This year has seen the abolition of the statutory dispute resolution procedures which were the guidelines used to tackle disciplinary and grievance issues in the workplace.

They were replaced by ACAS’s revised Code of Practice on Disciplinary and Grievance Procedures. But what does this change mean for employers and employees?

The old regime To comply with the statutory dispute resolution procedures, an employer generally needed to follow a three step procedure when considering dismissing or taking disciplinary action against an employee or when a member of staff raised a grievance.

This procedure involved the employer or the employee writing to each other to set out the issue.

The employer then held a meeting with the individual concerned before writing to them with their decision and giving the employee the opportunity to appeal.

Failure to comply with these steps could have led to a finding of unfair dismissal causing the compensation award to be hiked by up to 50 per cent.

The statutory dispute resolution procedures were criticised for formalising employment disputes at an early stage, causing litigation as to whether or not all of the steps had been complied with.

The new regime The new code, which does not apply to redundancy cases or the renewal of fixed-term contracts on their expiry, sets out basic standards of fairness that must be adhered to by employers and employees alike.

It is hoped that the code’s principle-based approach will mean fewer disputes will reach tribunals.

The three-step procedure is the same under the new regime as it was previously.

However, a failure to follow its provisions will not automatically result in a penalty of any kind, although either party’s unreasonable failure to abide by the code will allow a tribunal to adjust any award of compensation by up to 25 per cent.

But there are some important differences under the new set of regulation including: n Dispute resolution procedures should be in writing n Employees and their representatives should be involved in the development of the procedures n The procedures should be understood by the employees n Disputes should be resolved informally where possible, using a mediator if required n Employers are now under an obligation to investigate the facts of the case n Employees have the right to call witnesses to give evidence during formal meetings if they give advance notice to the employer The new regime will bring benefits to employers and their staff.
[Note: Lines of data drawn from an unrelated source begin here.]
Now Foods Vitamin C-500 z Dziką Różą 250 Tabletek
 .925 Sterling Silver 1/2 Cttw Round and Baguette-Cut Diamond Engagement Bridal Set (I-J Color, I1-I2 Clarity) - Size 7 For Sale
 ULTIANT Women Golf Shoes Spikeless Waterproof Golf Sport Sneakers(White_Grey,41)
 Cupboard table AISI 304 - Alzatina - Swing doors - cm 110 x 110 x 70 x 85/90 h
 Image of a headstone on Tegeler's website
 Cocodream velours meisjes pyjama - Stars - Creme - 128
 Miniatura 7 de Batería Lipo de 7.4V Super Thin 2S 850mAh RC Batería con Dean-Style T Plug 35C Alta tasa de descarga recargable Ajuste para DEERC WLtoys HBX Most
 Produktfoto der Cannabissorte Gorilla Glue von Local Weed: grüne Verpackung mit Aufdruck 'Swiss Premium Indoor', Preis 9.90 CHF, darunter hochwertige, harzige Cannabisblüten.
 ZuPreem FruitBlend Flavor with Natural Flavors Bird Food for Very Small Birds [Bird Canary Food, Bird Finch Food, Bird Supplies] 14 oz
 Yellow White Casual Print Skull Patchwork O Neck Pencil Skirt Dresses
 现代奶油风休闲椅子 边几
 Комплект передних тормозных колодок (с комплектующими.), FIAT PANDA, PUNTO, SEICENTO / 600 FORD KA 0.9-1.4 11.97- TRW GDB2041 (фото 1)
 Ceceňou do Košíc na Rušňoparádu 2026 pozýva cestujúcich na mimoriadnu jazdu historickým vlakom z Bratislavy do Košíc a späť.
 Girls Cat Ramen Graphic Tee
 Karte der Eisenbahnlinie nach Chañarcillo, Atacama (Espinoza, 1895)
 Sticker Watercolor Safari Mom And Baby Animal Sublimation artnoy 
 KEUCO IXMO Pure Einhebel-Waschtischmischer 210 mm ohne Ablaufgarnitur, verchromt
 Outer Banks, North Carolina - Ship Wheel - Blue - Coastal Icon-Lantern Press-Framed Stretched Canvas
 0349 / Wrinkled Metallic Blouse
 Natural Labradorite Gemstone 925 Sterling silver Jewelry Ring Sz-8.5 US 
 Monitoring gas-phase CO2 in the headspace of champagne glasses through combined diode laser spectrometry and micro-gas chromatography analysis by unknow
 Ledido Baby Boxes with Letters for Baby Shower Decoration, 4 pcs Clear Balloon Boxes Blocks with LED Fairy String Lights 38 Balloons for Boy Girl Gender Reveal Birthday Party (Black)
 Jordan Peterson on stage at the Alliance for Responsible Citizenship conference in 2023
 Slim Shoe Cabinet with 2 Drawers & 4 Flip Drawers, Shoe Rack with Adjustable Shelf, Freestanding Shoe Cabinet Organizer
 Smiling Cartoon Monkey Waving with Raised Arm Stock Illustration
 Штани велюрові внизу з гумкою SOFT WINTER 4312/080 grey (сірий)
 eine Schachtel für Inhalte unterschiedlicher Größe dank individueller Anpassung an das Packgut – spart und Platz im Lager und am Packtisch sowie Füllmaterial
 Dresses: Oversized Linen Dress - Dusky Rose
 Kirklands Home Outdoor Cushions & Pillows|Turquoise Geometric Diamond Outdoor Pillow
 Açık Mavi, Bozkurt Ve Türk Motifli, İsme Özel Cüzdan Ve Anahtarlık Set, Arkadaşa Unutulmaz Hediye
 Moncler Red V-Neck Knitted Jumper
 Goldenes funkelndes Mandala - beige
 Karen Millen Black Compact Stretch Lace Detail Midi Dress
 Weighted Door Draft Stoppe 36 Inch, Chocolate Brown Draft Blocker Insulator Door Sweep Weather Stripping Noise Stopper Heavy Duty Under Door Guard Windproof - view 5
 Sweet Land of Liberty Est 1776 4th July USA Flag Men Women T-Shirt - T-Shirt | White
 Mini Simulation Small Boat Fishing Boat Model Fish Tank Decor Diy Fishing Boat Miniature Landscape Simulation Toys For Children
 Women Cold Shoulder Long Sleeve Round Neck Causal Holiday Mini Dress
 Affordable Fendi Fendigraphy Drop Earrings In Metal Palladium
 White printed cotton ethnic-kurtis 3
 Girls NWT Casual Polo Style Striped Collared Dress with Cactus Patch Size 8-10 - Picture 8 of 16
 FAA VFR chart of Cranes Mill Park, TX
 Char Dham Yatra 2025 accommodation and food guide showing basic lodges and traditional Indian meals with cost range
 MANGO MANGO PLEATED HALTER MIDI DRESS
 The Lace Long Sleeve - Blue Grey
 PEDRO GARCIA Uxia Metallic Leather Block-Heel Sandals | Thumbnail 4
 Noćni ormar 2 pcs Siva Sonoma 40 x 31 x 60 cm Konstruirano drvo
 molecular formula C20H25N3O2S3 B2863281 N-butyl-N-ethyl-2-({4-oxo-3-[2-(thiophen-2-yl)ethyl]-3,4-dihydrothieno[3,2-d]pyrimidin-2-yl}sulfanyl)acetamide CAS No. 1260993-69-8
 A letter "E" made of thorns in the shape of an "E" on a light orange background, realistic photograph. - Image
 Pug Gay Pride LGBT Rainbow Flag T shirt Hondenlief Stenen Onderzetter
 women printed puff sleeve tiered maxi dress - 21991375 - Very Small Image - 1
Workers will no longer have to lodge a grievance and wait 28 days before lodging a claim and their managers will no longer be found guilty of automatic unfair dismissal if they fail to follow the code.

The code has also been drafted vaguely lacking mandatory requirements or directions and instead uses ambiguous language such as ‘it may be appropriate to’ and ‘it is advisable to’.

This lack of clarity will inevitably lead to appeals regarding the meaning of various provisions within the code.

It is also unclear whether the code applies to ex-employees.

What should be done now?

Employers and employees need to be aware that the old regime will still apply if disciplinary proceedings or action giving rise to a grievance started before April 6, 2009.

Written disciplinary and grievance procedures should now put in place by employers if they do not have them and they should seek input from their employees and representatives.

If an employer already has written procedures, they should check they reflect the principles set out in the code.

Employers should also train their employees and managers to understand the procedures and be aware of further developments in tribunal cases that will expand on the principles set out in the code.